Revolutionary Road. Frank and April Wheeler do all that society has asked of them. They are middle-class. They buy a house in the burbs. They have children. They are subscribers to the American Dream. Both are conformists. He has a monotonous job, a monotonous commute and she suffocates in taking care of the house and minding the children. They are miserable; they come to loathe one another. They are frustrated failures, unhappy with their lives. The Wheelers are domestic combatants, skilled at verbal and physical abuse. They aspire and they reach for more because they feel entitled, but neither Frank nor April has the will or impetus to effect change. They have a vision, they have a plan that they fail to execute. Their antecedent, Jay Gatsby, had charisma, energy and a romantic imagination in his destructive quest for Daisy Buchanan, and dies a tragic figure, having been blinded by his obsession. Gatsby was murdered in the end, but he was a living suicide inside an unsustainable dream. Death had saved him.

Death does come to Revolutionary Road, but there is no overt tragedy in its wake. A clueless character, a stagnant person remains unchanged. The American Dream is flawed, dead at the end of the street Yates named Revolutionary Road, but the people doing the dreaming were dangerous, dull, and unimaginative. In a word, unending materialism and a lack of self-awareness lead to narcissism and nihilism. Readers today are accustomed to, if not desensitized to, suburban malaise, but the psychological portrait of the Wheelers in Revolutionary Road remains a very uncomfortable and visceral read. Yates paints a portrait of devastation, using simple words and layering the details, page after page, letting them sneak up on the reader.

Easter Parade is a tale told in the same key, except the main characters are the Grimes sisters, Emily and Sarah. Parade is an unhappy story told through brilliant writing that is effortless as it captures four decades of Americana, the one that Norman Rockwell didn’t paint. This is a less violent book, but just as devastating as Revolutionary Road.
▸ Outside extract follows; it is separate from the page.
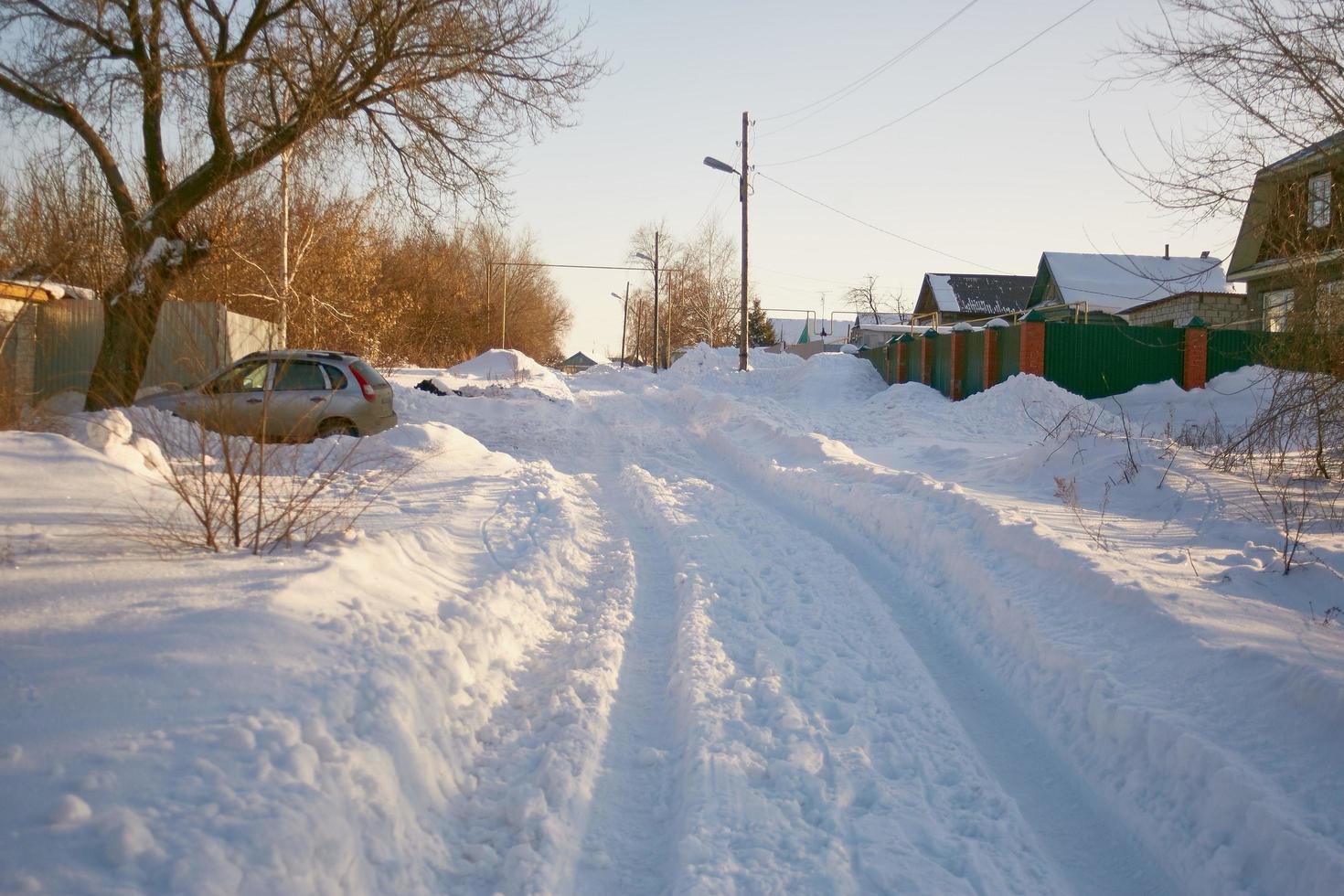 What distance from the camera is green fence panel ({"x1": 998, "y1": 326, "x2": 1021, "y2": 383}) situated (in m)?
22.4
Yates wrote from his own life. He did ‘all the right things,’ yet success eluded him. He was married (twice) and had three daughters. Revolutionary Road, his debut novel, was nominated for the National Book Award along with Joseph Heller’s Catch-22 but lost to Walker Percy’s The Moviegoer. He received a Guggenheim, wrote speeches for RFK, and scraped by with teaching positions and the largesse of friends. All the literary praises and rewards did little for Yates. Yates would experience several shattering mental breakdowns. His one-time student and lifelong supporter and admirer, Richard Price, wrote:

Richard Yates was a magnificent wreck, a chaotic and wild-hearted presence, a tall but stooped smoke-cloud of a man, Kennedyesque in dress and manner, gaunt and bearded with hung eyes and a cigarette-slaughtered voice…

Yates died a bitter and sick man in 1992, aged 66, not from a daily 4-pack-a-day cigarette habit that rewarded him with emphysema, or from drink, but from complications arising from a hernia surgery.